As Dinesh has pointed out 'lo' is a loopback interface with address 127.0.0.1. BTW, which live CD gave 'lo' the properties of a wireless device?
If "ifconfig -a" displays only the 'lo' interface then none of your network devices have been loaded. FYI, ethernet NIC's get loaded as eth0, eth1 ..., Wireless NICs get loaded as wlan0, wlan1, ....
Arun K. Khan wrote:
As Dinesh has pointed out 'lo' is a loopback interface with address 127.0.0.1. BTW, which live CD gave 'lo' the properties of a wireless device?
If "ifconfig -a" displays only the 'lo' interface then none of your network devices have been loaded. FYI, ethernet NIC's get loaded as eth0, eth1 ..., Wireless NICs get loaded as wlan0, wlan1, ....

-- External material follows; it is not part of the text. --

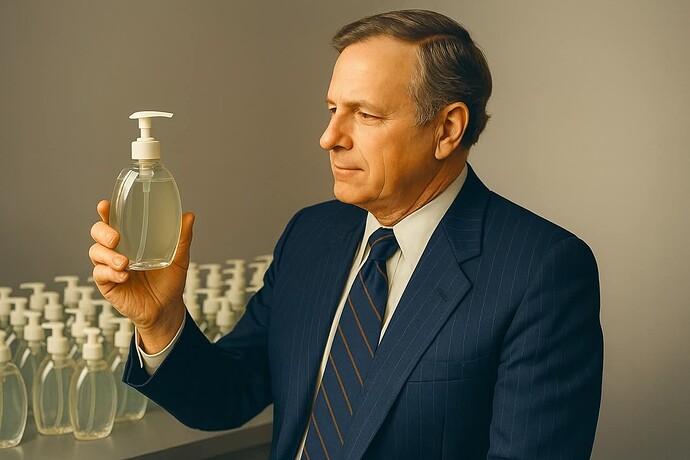 FB_IMG_1756993165811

I know about the loopback localhost 127.0.0.1 thing. I even use it in the /etc/hosts file to cut out bad and ad websites. I am only reporting what I saw. There was a network icon in the task bar with active tx/rx connection. On right clicking it, it had the name 'lo'. I was expecting eth0 but that was not the case. We did not go to ifconfig as we were worried about security or intrusion so we simply rebooted. It had already done 300kbytes. It was a Ubuntu 5.10 live CD. If anyone else has a lappy with the same card, they can try this cd. The client is in imp/ex and his data was too precious to take any risks.
Regards,
Rony.
___________________________________________________________ To help you stay safe and secure online, we've developed the all new Yahoo! Security Centre. http://uk.security.yahoo.com
On Monday 19 December 2005 14:23, Rony Bill wrote:
I know about the loopback localhost 127.0.0.1 thing. I even use it in the /etc/hosts file to cut out bad and ad websites. I am only reporting what I saw. There was a network icon in the task bar with active tx/rx connection. On right clicking it, it had the name 'lo'. I was expecting eth0 but that was not the case. We did not go to ifconfig as we were worried about security or intrusion so we simply rebooted. It had already done 300kbytes. It was a Ubuntu 5.10 live CD. If anyone else has a lappy with the same card, they can try this cd. The client is in imp/ex and his data was too precious to take any risks.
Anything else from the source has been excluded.